## WHAT THE TASK REQUIRES
Pull every line that includes the word "Drive" from the data.

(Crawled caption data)
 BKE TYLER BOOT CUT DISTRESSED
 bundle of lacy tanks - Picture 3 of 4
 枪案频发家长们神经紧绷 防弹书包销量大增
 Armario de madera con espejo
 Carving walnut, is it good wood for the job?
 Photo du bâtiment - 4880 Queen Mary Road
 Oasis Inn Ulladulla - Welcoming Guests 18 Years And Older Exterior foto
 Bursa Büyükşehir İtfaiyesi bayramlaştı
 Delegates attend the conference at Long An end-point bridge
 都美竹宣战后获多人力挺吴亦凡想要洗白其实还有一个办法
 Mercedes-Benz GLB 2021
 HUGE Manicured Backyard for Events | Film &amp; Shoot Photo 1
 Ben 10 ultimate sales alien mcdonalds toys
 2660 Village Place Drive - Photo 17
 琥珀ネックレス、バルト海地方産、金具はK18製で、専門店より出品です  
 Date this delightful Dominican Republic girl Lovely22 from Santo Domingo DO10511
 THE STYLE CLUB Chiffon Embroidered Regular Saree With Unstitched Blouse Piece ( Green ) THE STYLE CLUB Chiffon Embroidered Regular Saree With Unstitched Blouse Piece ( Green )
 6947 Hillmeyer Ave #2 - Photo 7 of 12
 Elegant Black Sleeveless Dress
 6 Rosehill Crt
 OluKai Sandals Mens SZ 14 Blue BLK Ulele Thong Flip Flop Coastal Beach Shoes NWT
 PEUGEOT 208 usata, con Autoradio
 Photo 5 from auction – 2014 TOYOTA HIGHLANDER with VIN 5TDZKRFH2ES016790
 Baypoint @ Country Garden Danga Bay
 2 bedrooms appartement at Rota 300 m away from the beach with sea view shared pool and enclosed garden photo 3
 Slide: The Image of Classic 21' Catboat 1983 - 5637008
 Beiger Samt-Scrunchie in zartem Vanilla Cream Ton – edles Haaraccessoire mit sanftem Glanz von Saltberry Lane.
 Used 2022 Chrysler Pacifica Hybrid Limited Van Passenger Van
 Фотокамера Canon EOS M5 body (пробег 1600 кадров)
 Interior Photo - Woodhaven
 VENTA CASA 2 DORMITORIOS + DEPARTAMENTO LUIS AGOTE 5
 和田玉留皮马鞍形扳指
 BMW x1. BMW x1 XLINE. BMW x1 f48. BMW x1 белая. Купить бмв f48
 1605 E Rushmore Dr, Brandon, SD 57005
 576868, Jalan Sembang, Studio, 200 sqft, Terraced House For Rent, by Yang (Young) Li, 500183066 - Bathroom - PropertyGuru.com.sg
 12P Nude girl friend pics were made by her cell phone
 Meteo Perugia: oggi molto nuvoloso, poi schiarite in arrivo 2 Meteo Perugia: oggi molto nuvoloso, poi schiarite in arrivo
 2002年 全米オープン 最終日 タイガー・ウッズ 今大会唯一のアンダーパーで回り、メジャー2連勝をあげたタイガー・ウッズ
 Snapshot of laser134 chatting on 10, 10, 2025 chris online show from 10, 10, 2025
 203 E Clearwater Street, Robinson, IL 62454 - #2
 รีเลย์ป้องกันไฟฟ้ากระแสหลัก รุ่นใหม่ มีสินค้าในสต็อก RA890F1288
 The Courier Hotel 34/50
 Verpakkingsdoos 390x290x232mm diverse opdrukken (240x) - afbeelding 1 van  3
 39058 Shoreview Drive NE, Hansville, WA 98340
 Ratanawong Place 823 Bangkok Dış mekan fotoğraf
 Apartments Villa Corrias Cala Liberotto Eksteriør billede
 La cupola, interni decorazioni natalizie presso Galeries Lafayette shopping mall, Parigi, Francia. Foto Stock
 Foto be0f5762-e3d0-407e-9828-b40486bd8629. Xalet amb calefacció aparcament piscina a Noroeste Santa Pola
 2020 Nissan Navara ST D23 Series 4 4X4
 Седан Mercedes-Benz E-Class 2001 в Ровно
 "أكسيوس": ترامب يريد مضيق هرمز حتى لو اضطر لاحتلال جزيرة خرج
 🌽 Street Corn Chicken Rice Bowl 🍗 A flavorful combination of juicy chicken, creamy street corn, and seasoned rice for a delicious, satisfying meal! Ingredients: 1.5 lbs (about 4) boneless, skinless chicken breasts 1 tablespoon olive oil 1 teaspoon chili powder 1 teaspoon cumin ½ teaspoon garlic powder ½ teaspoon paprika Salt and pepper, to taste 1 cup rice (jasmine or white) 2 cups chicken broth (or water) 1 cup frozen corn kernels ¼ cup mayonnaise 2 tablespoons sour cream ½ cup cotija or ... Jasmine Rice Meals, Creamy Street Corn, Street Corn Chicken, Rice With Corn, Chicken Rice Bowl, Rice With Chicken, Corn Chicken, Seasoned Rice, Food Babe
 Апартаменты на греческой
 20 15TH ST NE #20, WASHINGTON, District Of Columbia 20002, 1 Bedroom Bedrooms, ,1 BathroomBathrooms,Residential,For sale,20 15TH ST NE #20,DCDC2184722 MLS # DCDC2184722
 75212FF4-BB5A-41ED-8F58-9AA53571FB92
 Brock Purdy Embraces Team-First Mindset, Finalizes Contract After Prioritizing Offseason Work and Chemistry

## SOLVED EXERCISE
 2660 Village Place Drive - Photo 17
 39058 Shoreview Drive NE, Hansville, WA 98340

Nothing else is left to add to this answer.